> WORK INSTRUCTIONS
Within the listing that follows, reproduce exactly the lines starting at the line with "ขายถูก-ทาวน์เฮ" and ending at the line with "Freightliner 114SD Кабіни", inclusive, and only those. Pictures are dropped.

> SUPPLIED DATA

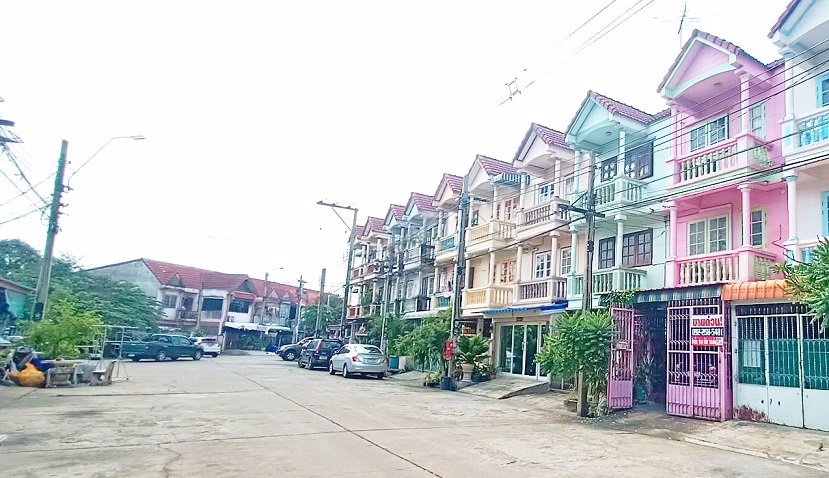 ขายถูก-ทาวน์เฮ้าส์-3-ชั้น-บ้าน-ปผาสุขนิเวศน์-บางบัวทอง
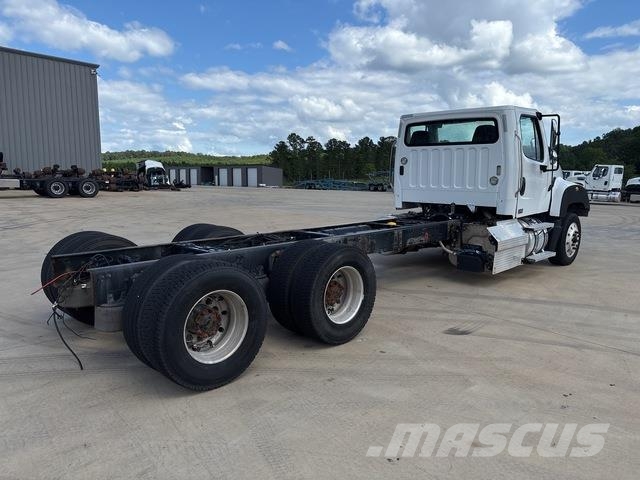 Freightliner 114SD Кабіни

...

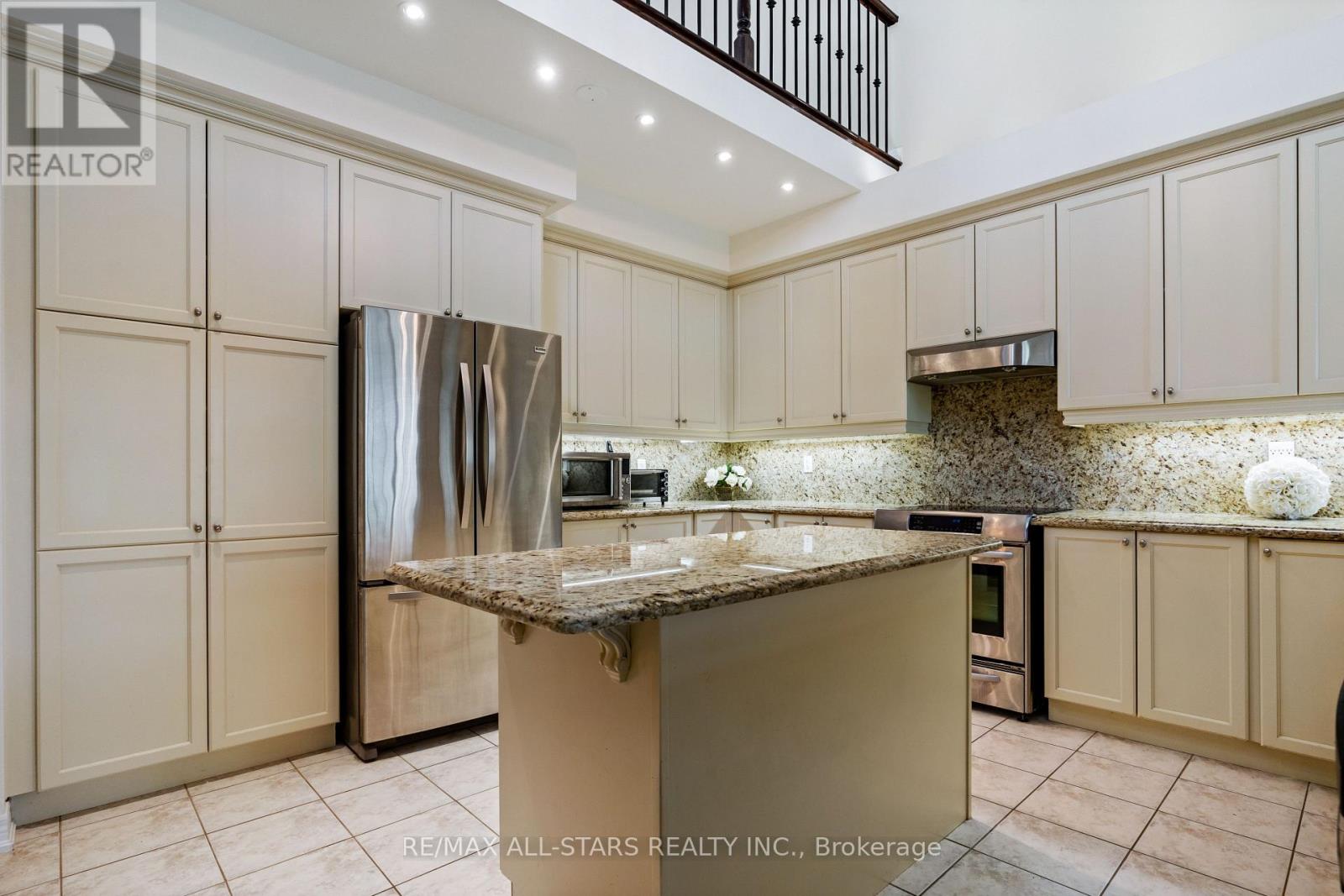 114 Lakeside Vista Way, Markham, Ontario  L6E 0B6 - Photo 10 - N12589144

* * *

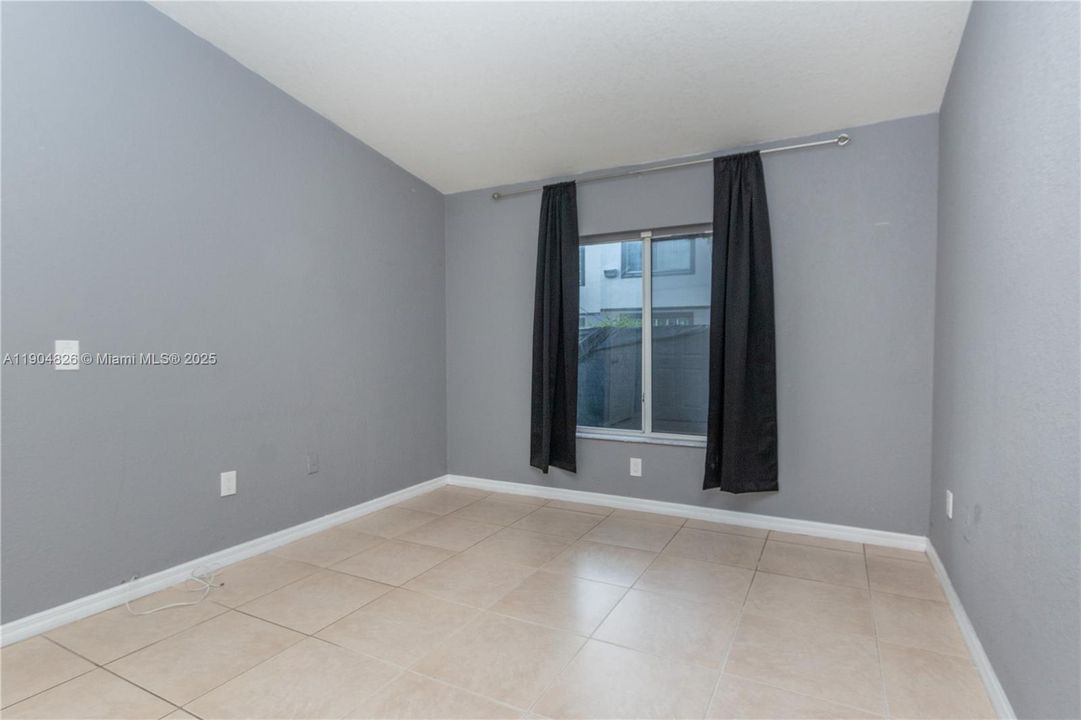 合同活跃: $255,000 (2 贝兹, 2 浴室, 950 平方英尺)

> RESPONSE TO THIS EXERCISE
 ขายถูก-ทาวน์เฮ้าส์-3-ชั้น-บ้าน-ปผาสุขนิเวศน์-บางบัวทอง
 Freightliner 114SD Кабіни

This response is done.